We know that \[\tan \left( {a + b} \right) = \dfrac{{\tan a + \tan b}}{{1 - \tan a\tan b}}\].
Also, we know that \[\tan \left( {a - b} \right) = \dfrac{{\tan a - \tan b}}{{1 + \tan a\tan b}}\] .
There is difference of two terms in the numerator and sum of two terms in the denominator of \[\left| {\dfrac{{3\cos x - 4\sin x}}{{4\cos x + 3\sin x}}} \right|\].
It is similar to \[\dfrac{{\tan a - \tan b}}{{1 + \tan a\tan b}}\].

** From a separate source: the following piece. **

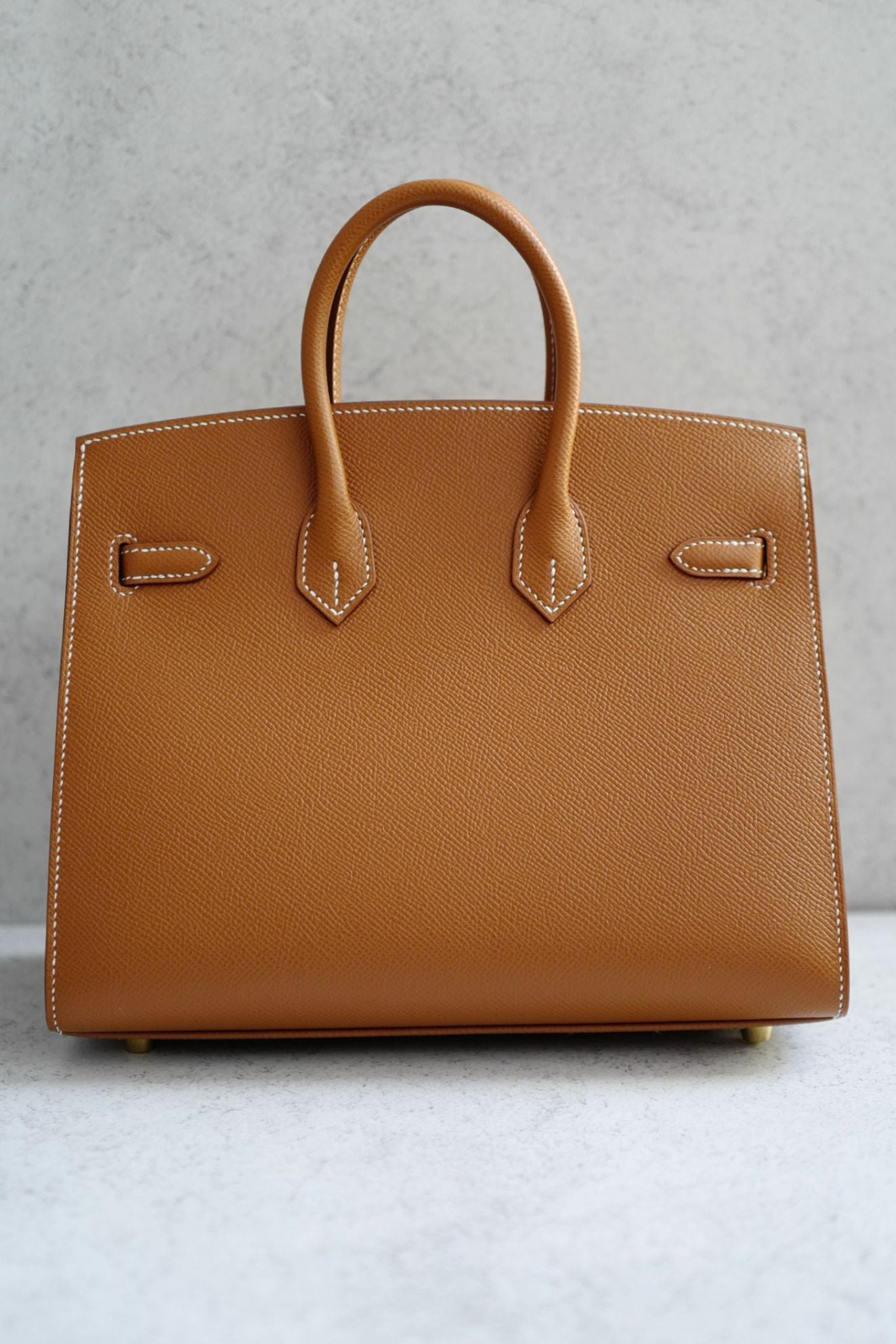 Hermès Birkin 25 Gold Epsom Sellier Gold Hardware U Stamp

Hence, let us try to express \[\left| {\dfrac{{3\cos x - 4\sin x}}{{4\cos x + 3\sin x}}} \right|\] as \[\tan \left( {a - b} \right)\] where, \[a - b = \theta \].

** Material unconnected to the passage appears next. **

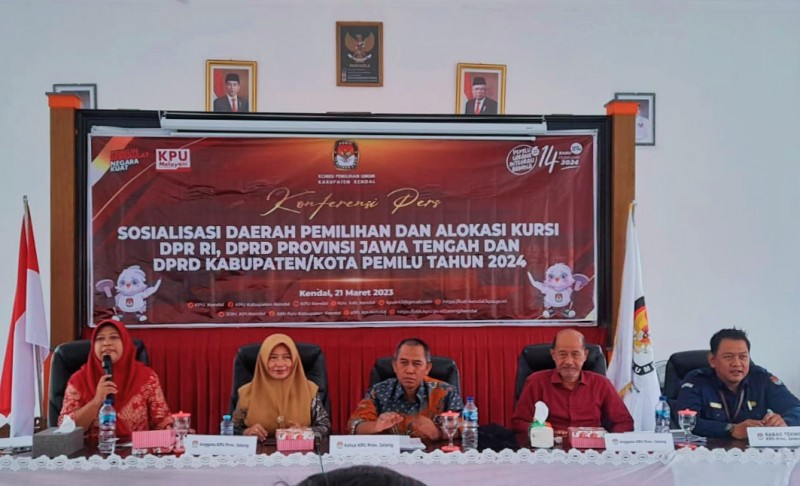 KPU Jateng dan KPU Kendal Gelar Sosialisasi Dapil dan Alokasi Kursi DPR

We need to express the denominator in the form of \[1 + \tan a\tan b\].
First, let us divide both the numerator and the denominator by \[4\cos x\].
Also, we know that \[\tan x = \dfrac{{\sin x}}{{\cos x}}\].
Hence, substitute \[\tan x\] for \[\dfrac{{\sin x}}{{\cos x}}\] in the calculation.
\[\begin{array}{c}{\tan ^{ - 1}}\left| {\dfrac{{\dfrac{{3\cos x - 4\sin x}}{{4\cos x}}}}{{\dfrac{{4\cos x + 3\sin x}}{{4\cos x}}}}} \right| = {\tan ^{ - 1}}\left| {\dfrac{{\dfrac{{3\cos x}}{{4\cos x}} - \dfrac{{4\sin x}}{{4\cos x}}}}{{\dfrac{{4\cos x}}{{4\cos x}} + \dfrac{{3\sin x}}{{4\cos x}}}}} \right|\\ = {\tan ^{ - 1}}\left| {\dfrac{{\dfrac{3}{4} - \tan x}}{{1 + \dfrac{3}{4}\tan x}}} \right|\end{array}\]
Let us assume that \[\tan \phi = \dfrac{3}{4}\].
We also know that \[{\tan ^{ - 1}}\left( {\tan \theta } \right) = \theta \].
As we have to express the dfraction in the form \[\dfrac{{\tan a - \tan b}}{{1 + \tan a\tan b}}\], let us substitute \[\tan \phi \] for \[\dfrac{3}{4}\] and use the property \[{\tan ^{ - 1}}\left( {\tan \theta } \right) = \theta \] to simplify the expression.
\[\begin{array}{c}\tan \phi = \dfrac{3}{4}\\{\tan ^{ - 1}}\left( {\tan \phi } \right) = {\tan ^{ - 1}}\left( {\dfrac{3}{4}} \right)\\\phi = {\tan ^{ - 1}}\left( {\dfrac{3}{4}} \right)\end{array}\]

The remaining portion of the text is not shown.